Transparency Maroc réagit à l’affaire des « terrains pour les serviteurs de l’Etat »

Transparency Maroc réagit à l’affaire des « terrains pour les serviteurs de l’Etat »

L’ONG Transparency Maroc, dirigée par Fouad Abdelmoumni, revient sur l’affaire désormais connue comme celle « des terrains pour les serviteurs de l’Etat ». Elle la commente, apporte des précisions et réclame des mesures de nature à aller dans le sens d’une meilleure moralisation de la vie publique.

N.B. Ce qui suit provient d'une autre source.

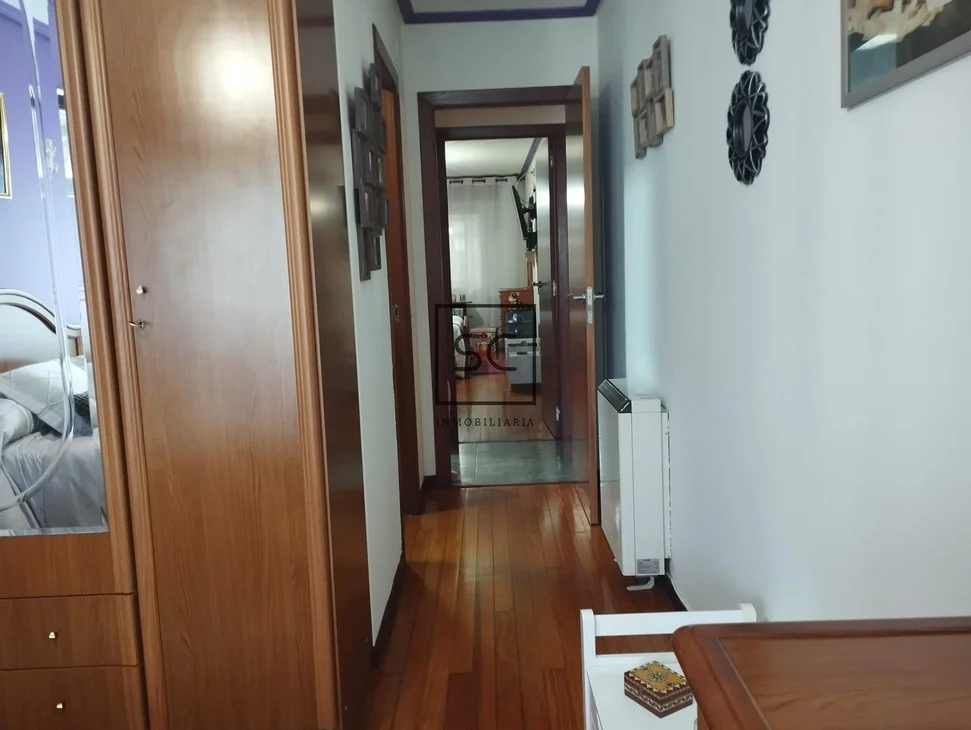Piso con garaje, ascensor y trastero en Ultramar, Ferrol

Ainsi, selon l’ONG, le communiqué conjoint des deux ministres de l’Intérieur et des Finances explique qu’il est normal de rétribuer ainsi des commis de l’Etat. « Cette motivation choquante, qui n’est pas explicitement formulée dans le décret précité, explique sa non-publication au B.O. et l’opacité résultant de la détermination préalable des prix des lots et leur cession de gré à gré par dérogation au régime général », écrit Transparency.

L’ONG ajoute que « l'examen de la liste des autres attributaires de lots au cours des 20 dernières années confirme que nombre d'entre eux sont connus pour avoir accumulé des fortunes considérables par de tels moyens grâce à leur proximité du pouvoir et aux abus qu’ils s’autorisent en se servant des biens publics placés sous leur contrôle. Même lorsque la dénonciation les atteint un jour, les obstacles dressés contre la reddition des comptes et l’action judiciaire parviennent à entretenir l’impunité et à perpétuer un mode de gestion de la chose publique en grande rupture avec les valeurs de gouvernance promises par la constitution de 2011 ».

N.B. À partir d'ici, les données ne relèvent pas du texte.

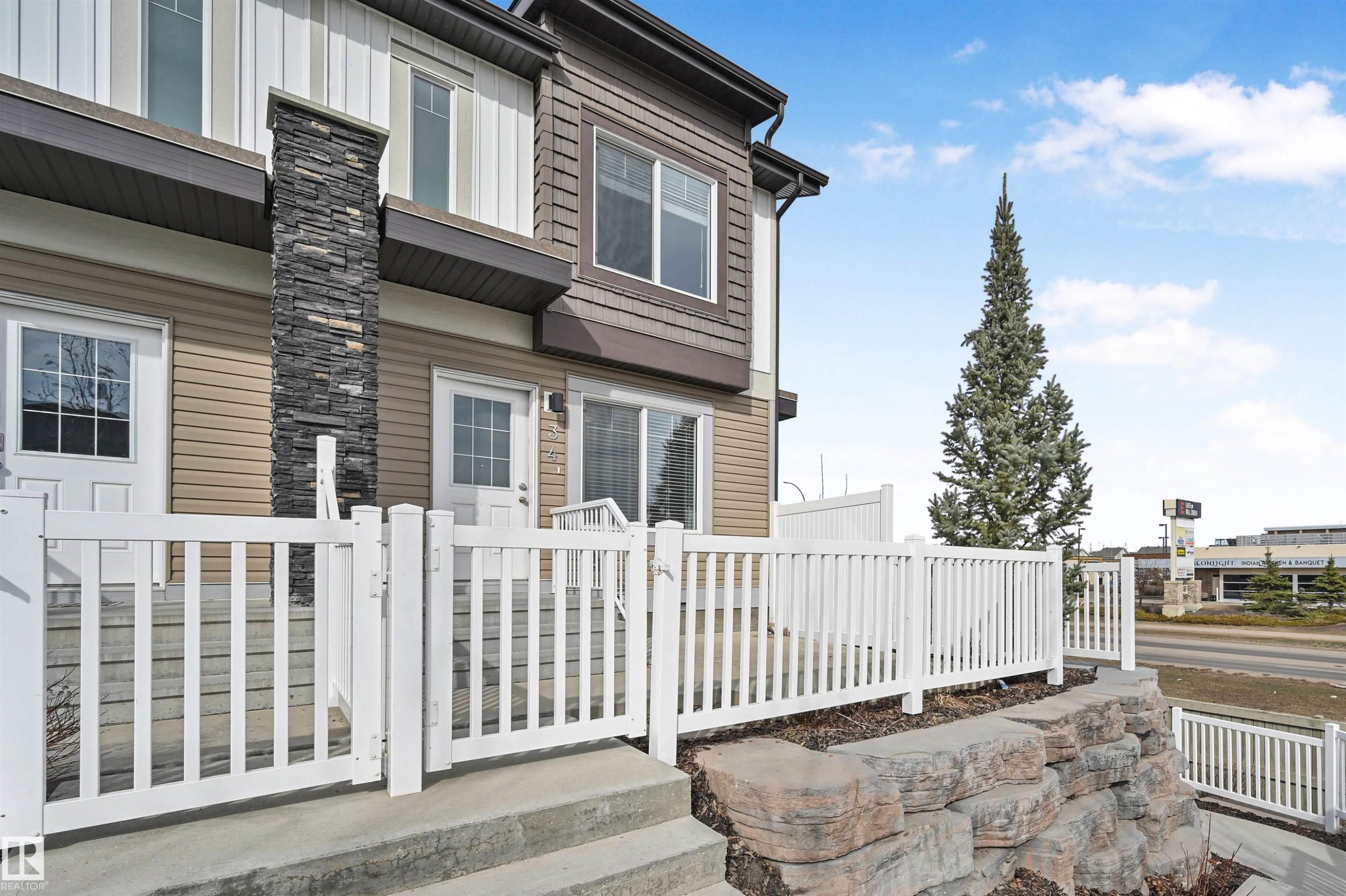 #34 2215 24 St Nw, Edmonton, AB - Outdoor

Pour Transparency, ces pratiques sont « une manifestation que l’Etat makhzen perdure » ; et de citer un autre exemple, celui de « l’arrêté du ministre des finances n°16-193 du 21 janvier 2016 relatif aux modalités d’exécution des dépenses relatives aux restitutions, remboursements et dégrèvements fiscaux. Ce texte qui soustrait les opérations qu'il vise au contrôle des finances publiques est un autre exemple de l'utilisation du droit pour introduire l'opacité ». Transparency a introduit un recours en nullité contre ce texte.

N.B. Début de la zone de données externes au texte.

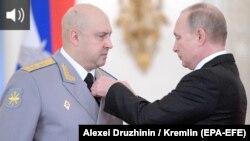 Președintele rus Vladimir Putin (dreapta) îl decorează pe comandantul trupelor ruse din Siria, generalul-colonel Serghei Surovikin, Kremlin, Moscova, 28 decembrie 2017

Dès lors, l’ONG réclame des mesures urgentes, qui se déclinent dans les4  points suivants :

« -  Obtenir que la publication de toutes les lois et de tous les règlements soit une condition préalable à leur entrée en vigueur, conformément aux principes généraux de la constitution ;

-  Hisser le projet de loi sur l’accès à l’information au niveau des normes internationales ;

- Adopter les mesures efficientes de protection des dénonciateurs de crimes financiers et des lanceurs d’alerte ;

-  Instituer des dispositifs efficaces pour régir les conflits d’intérêts, le contrôle du patrimoine et la reddition des comptes ».